Segment Start: Records for this task

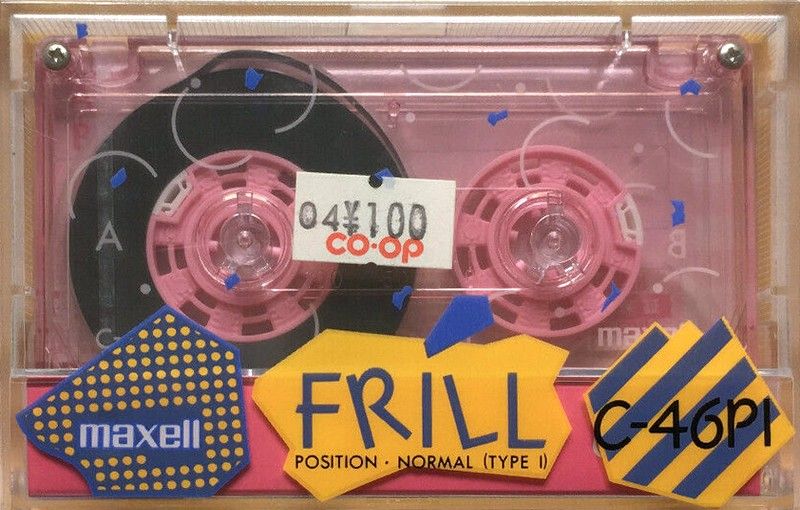 Compact Cassette Maxell 46 "FRILL  C-46Pl" Type I Normal 1986 Japan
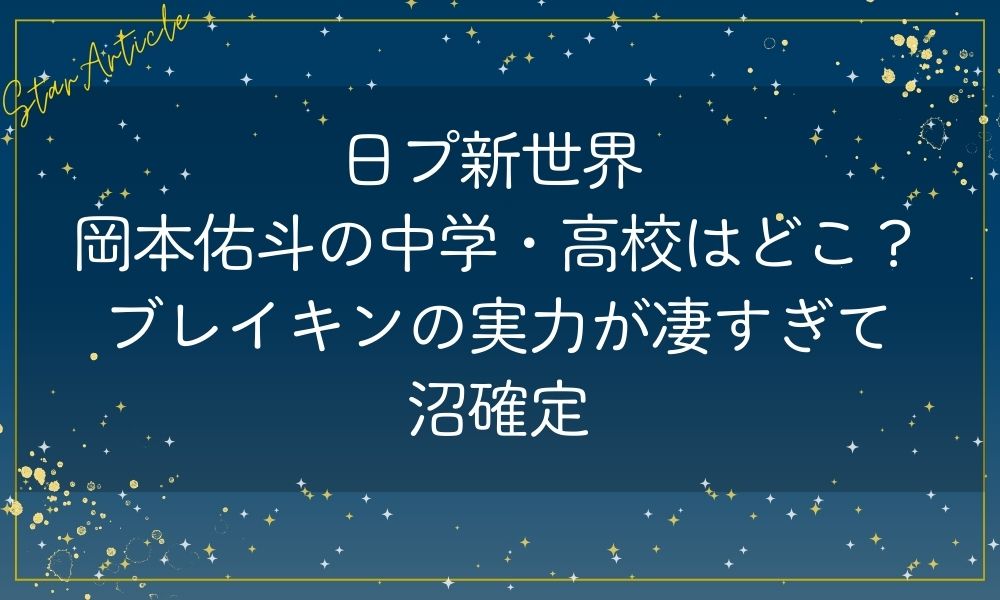 日プ新世界 岡本佑斗の中学・高校はどこ？ブレイキンの実力が凄すぎて沼確定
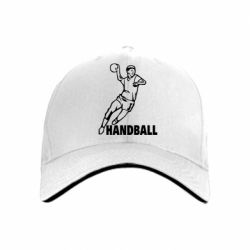 Кепка Handball - PrintSalon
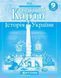 Контурні карти. Історія України. 9 клас 9786176708674 9786176708674 фото 1
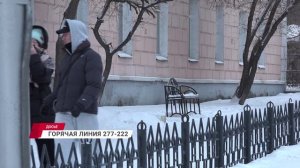 Мошенники не дремлют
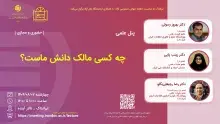 پنل علمی چه کسی مالک دانش ماست؟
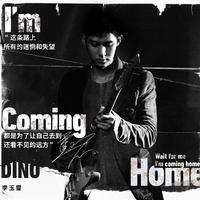 李玉玺 - I'M COMING HOME(原版伴奏)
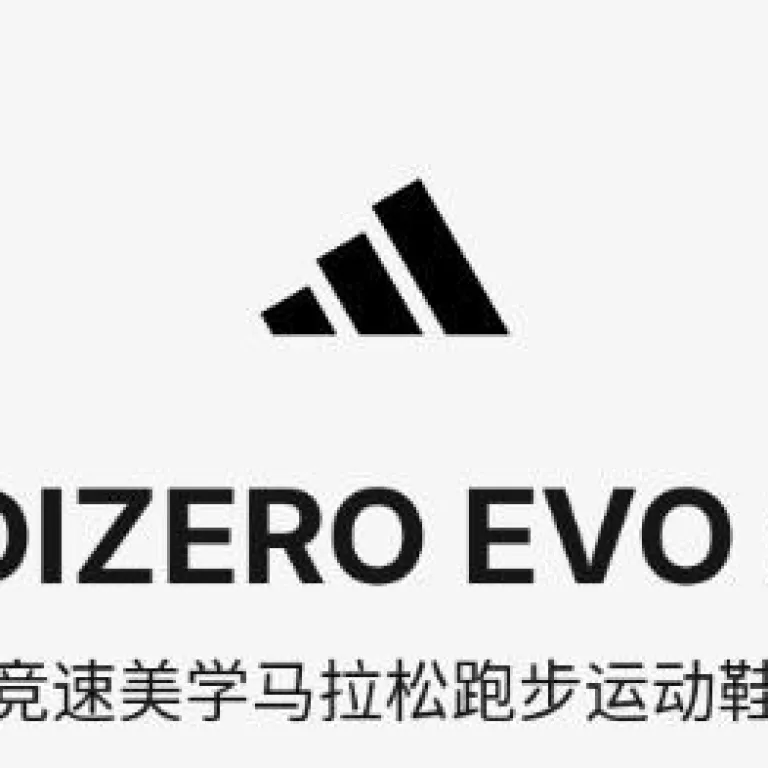 کفش دو ماراتن مسابقهای زنانه آدیداس adizero evo با بالشتک فوق سبک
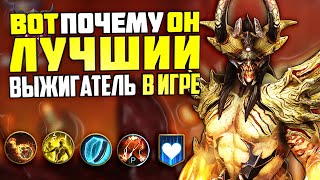 ТИРАН ИЗЛИМОР 🔥 ОБЗОР / ГАЙД ПО ГЕРОЮ 🔥 Raid: Shadow Legends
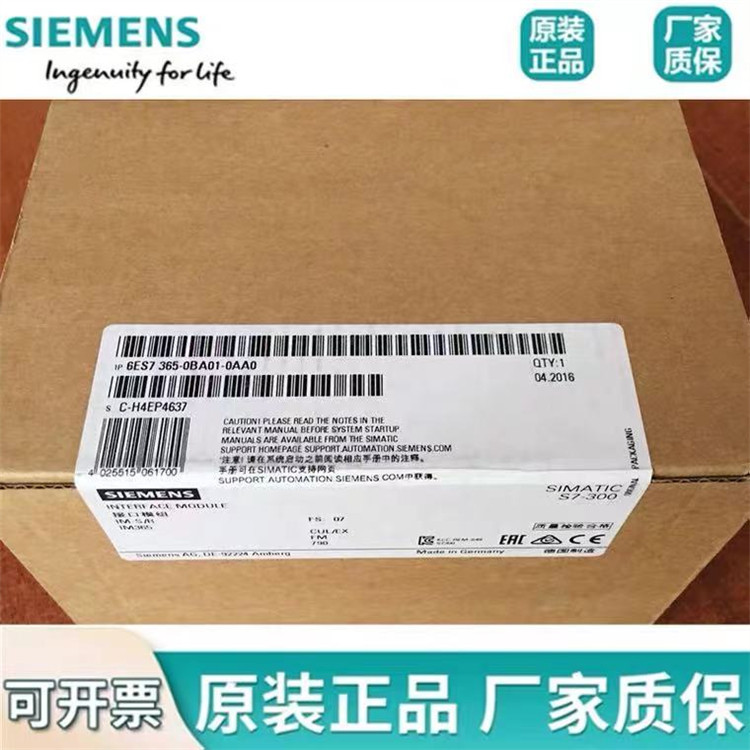 6ES7214-1BG40-0XB0西门子CPU模块CPU 1214C AC/DC/Rly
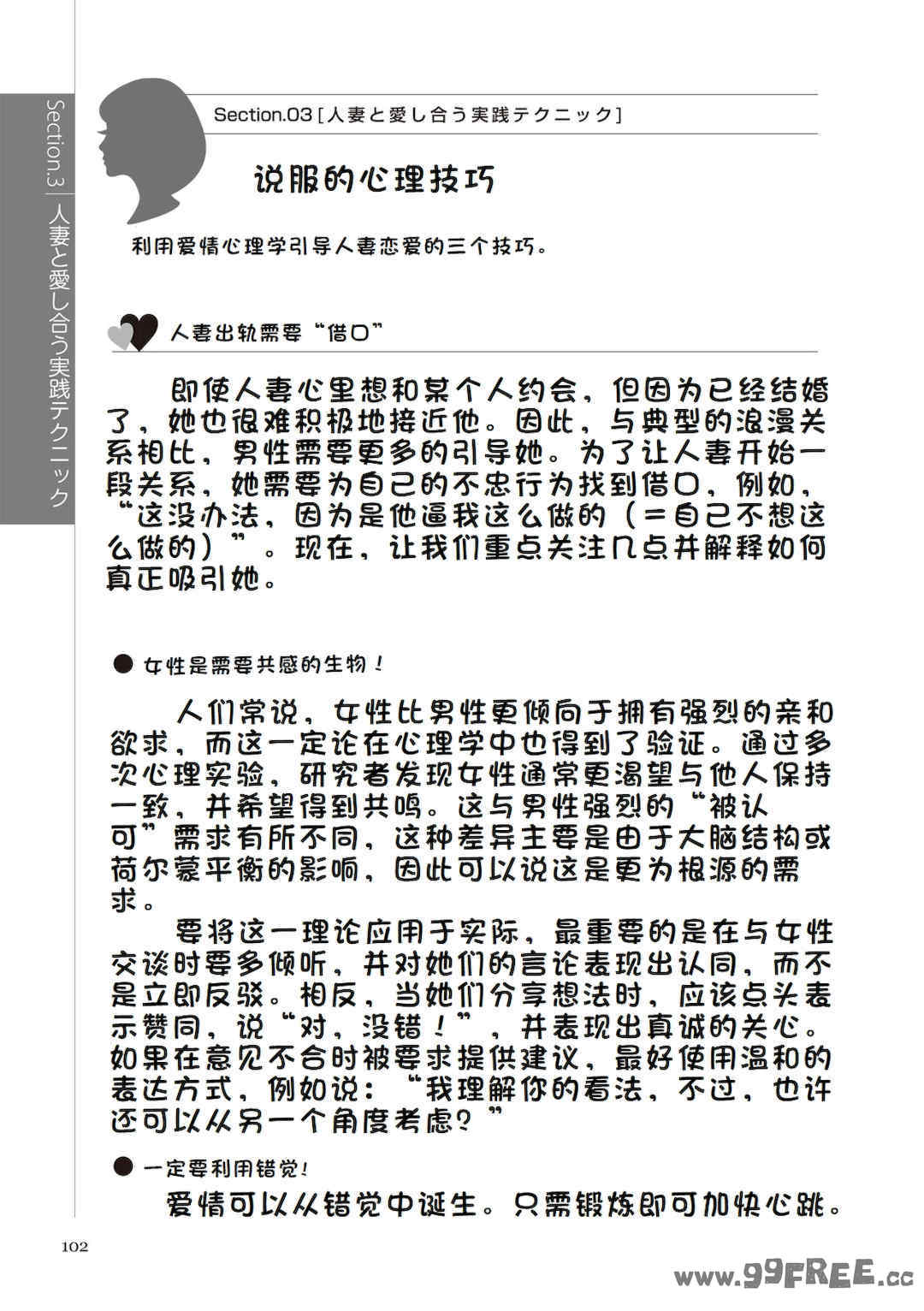 [マニアックラブ研究会 (鈴木享治)] どこよりも詳しい人妻の本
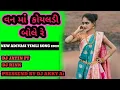 Download Lagu VAN MA KOYAL DI  BOLE RE NEW ADIVASI TIMLI SONG 2022 DJ JATIN FT DH RINK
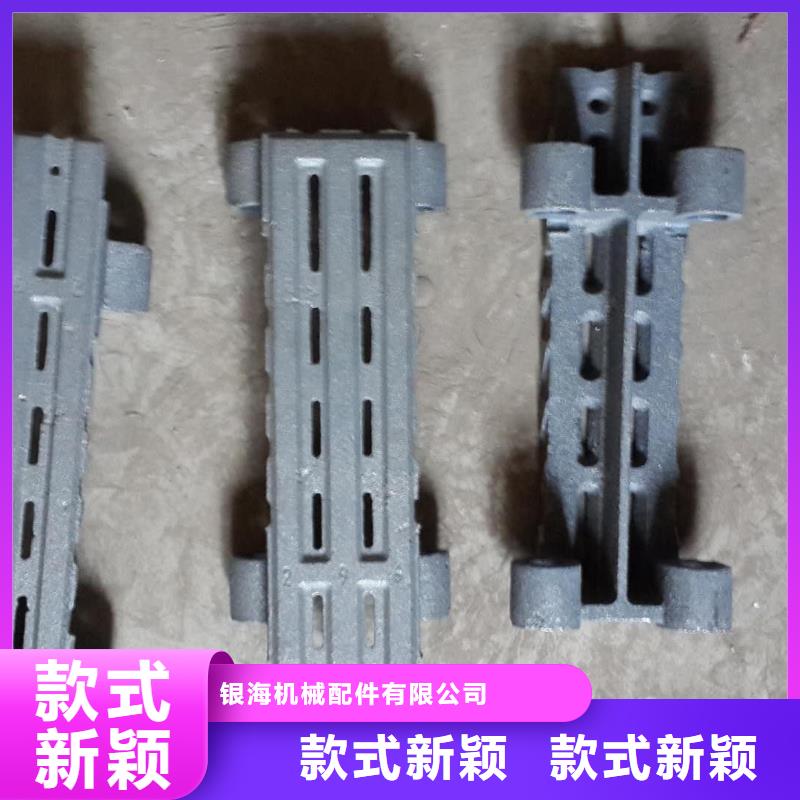 锅炉炉门炉排片来图定制
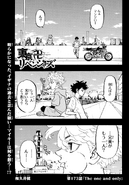 Chapter 173
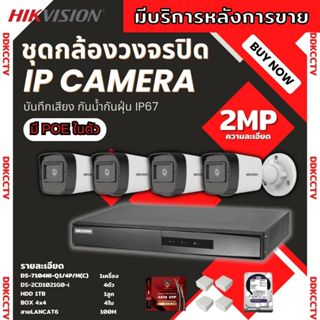 Hikvision ชุดกล้องวงจรปิด4ตัว ระบบPOE ภาพคมชัด ไม่ต้องเดินสายไฟ IP camera DS-2CD1021G0-I 4ตัว ติดตั้งง่าย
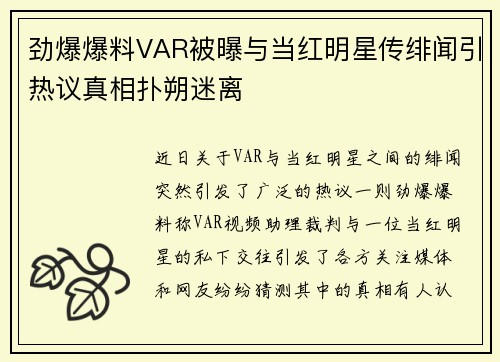 劲爆爆料VAR被曝与当红明星传绯闻引热议真相扑朔迷离
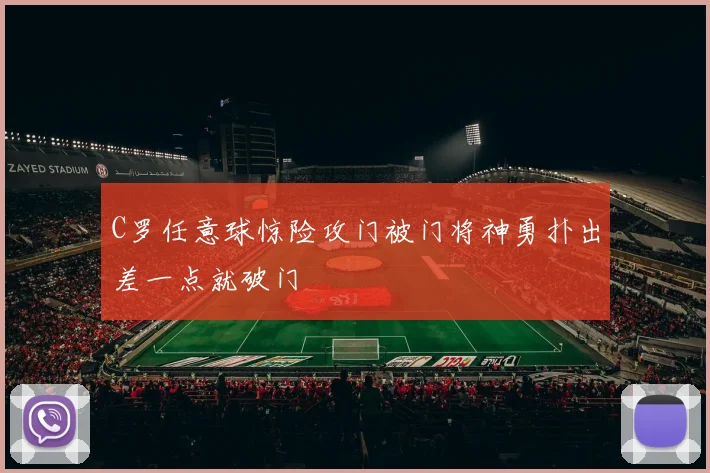 C罗任意球惊险攻门被门将神勇扑出差一点就破门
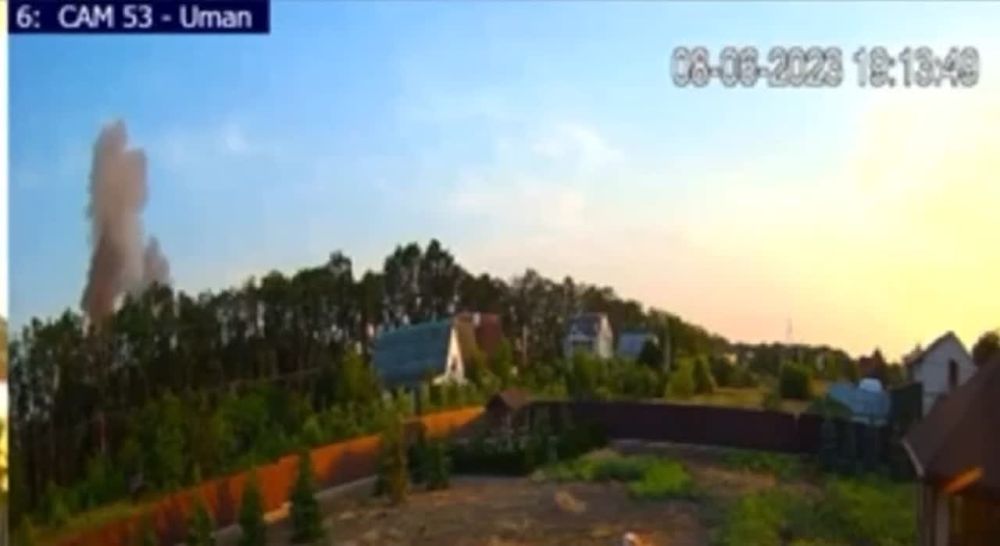 Минус склад б/к в Умани, Черкасской области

Segment End: Records for this task

Instructions for the task: Above is the material; set down exactly its lines from the one containing "Мошенники не дремлют" down to the one containing "[マニアックラブ研究会 (鈴木享治)] どこよりも詳しい人妻の本", both included, leaving out any pictures.

Solved problem:
 Мошенники не дремлют
 پنل علمی چه کسی مالک دانش ماست؟
 李玉玺 - I'M COMING HOME(原版伴奏)
 کفش دو ماراتن مسابقهای زنانه آدیداس adizero evo با بالشتک فوق سبک
 ТИРАН ИЗЛИМОР 🔥 ОБЗОР / ГАЙД ПО ГЕРОЮ 🔥 Raid: Shadow Legends
 6ES7214-1BG40-0XB0西门子CPU模块CPU 1214C AC/DC/Rly
 [マニアックラブ研究会 (鈴木享治)] どこよりも詳しい人妻の本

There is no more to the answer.